Software College, Shenyang Normal University, Shenyang, China.
PLoS One. 2013 Nov 18;8(11):e79606. doi: 10.1371/journal.pone.0079606. eCollection 2013.
Reconstruction of host-pathogen protein interaction networks is of great significance to reveal the underlying microbic pathogenesis. However, the current experimentally-derived networks are generally small and should be augmented by computational methods for less-biased biological inference. From the point of view of computational modelling, data scarcity, data unavailability and negative data sampling are the three major problems for host-pathogen protein interaction networks reconstruction. In this work, we are motivated to address the three concerns and propose a probability weighted ensemble transfer learning model for HIV-human protein interaction prediction (PWEN-TLM), where support vector machine (SVM) is adopted as the individual classifier of the ensemble model. In the model, data scarcity and data unavailability are tackled by homolog knowledge transfer. The importance of homolog knowledge is measured by the ROC-AUC metric of the individual classifiers, whose outputs are probability weighted to yield the final decision. In addition, we further validate the assumption that only the homolog knowledge is sufficient to train a satisfactory model for host-pathogen protein interaction prediction. Thus the model is more robust against data unavailability with less demanding data constraint. As regards with negative data construction, experiments show that exclusiveness of subcellular co-localized proteins is unbiased and more reliable than random sampling. Last, we conduct analysis of overlapped predictions between our model and the existing models, and apply the model to novel host-pathogen PPIs recognition for further biological research.

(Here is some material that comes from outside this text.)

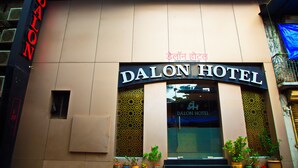 The exterior of Dalon Hotel with a signboard, entrance, and potted plants. - Hotel Dalon (Mumbai)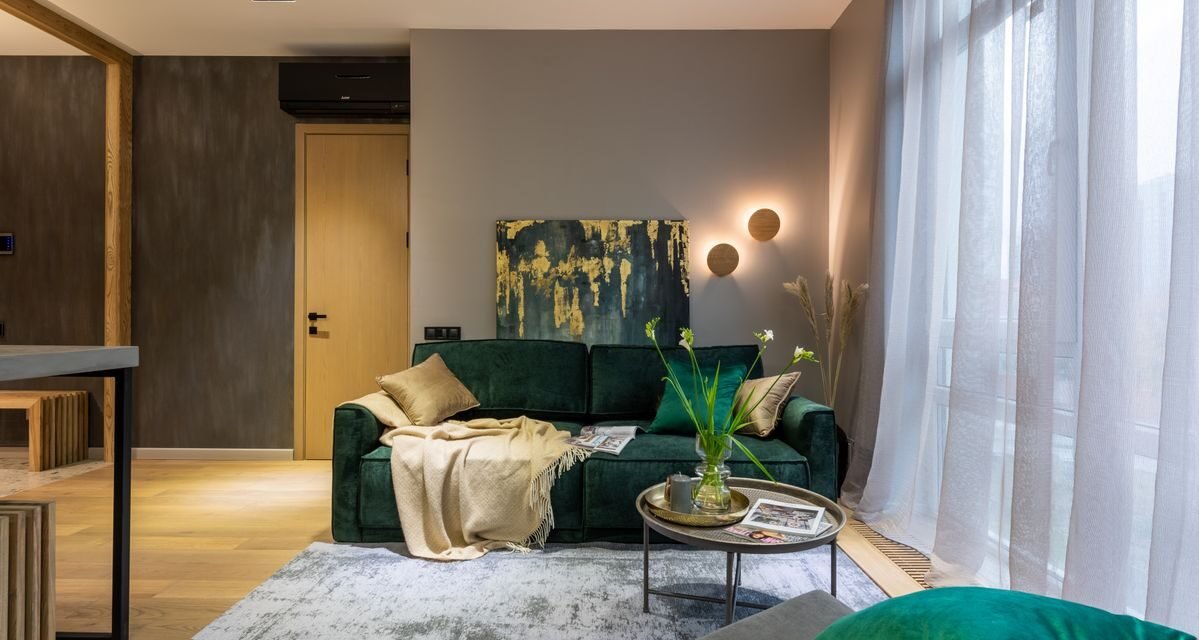 Modern rented apartment living room with sofa and furnishings a tenant would insure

宿主-病原体蛋白相互作用网络的重建对于揭示潜在的微生物发病机制具有重要意义。然而,目前实验得出的网络通常较小,应该通过计算方法来进行扩充,以进行更无偏的生物学推断。从计算模型的角度来看,宿主-病原体蛋白相互作用网络的重建存在数据稀缺、数据不可用和负样本数据采样三个主要问题。在这项工作中,我们旨在解决这三个问题,并提出了一种用于 HIV-人类蛋白相互作用预测的概率加权集成转移学习模型(PWEN-TLM),其中支持向量机(SVM)被用作集成模型的个体分类器。在该模型中,通过同源知识转移来解决数据稀缺和数据不可用的问题。同源知识的重要性通过个体分类器的 ROC-AUC 度量来衡量,其输出被概率加权以得出最终决策。此外,我们进一步验证了这样的假设,即只有同源知识就足以训练出用于宿主-病原体蛋白相互作用预测的令人满意的模型。因此,该模型对数据不可用具有更强的鲁棒性,对数据约束的要求也较低。关于负样本数据的构建,实验表明,亚细胞共定位蛋白的排他性是无偏的,比随机采样更可靠。最后,我们分析了我们的模型与现有模型之间的重叠预测,并将该模型应用于新的宿主-病原体 PPIs 识别,以进行进一步的生物学研究。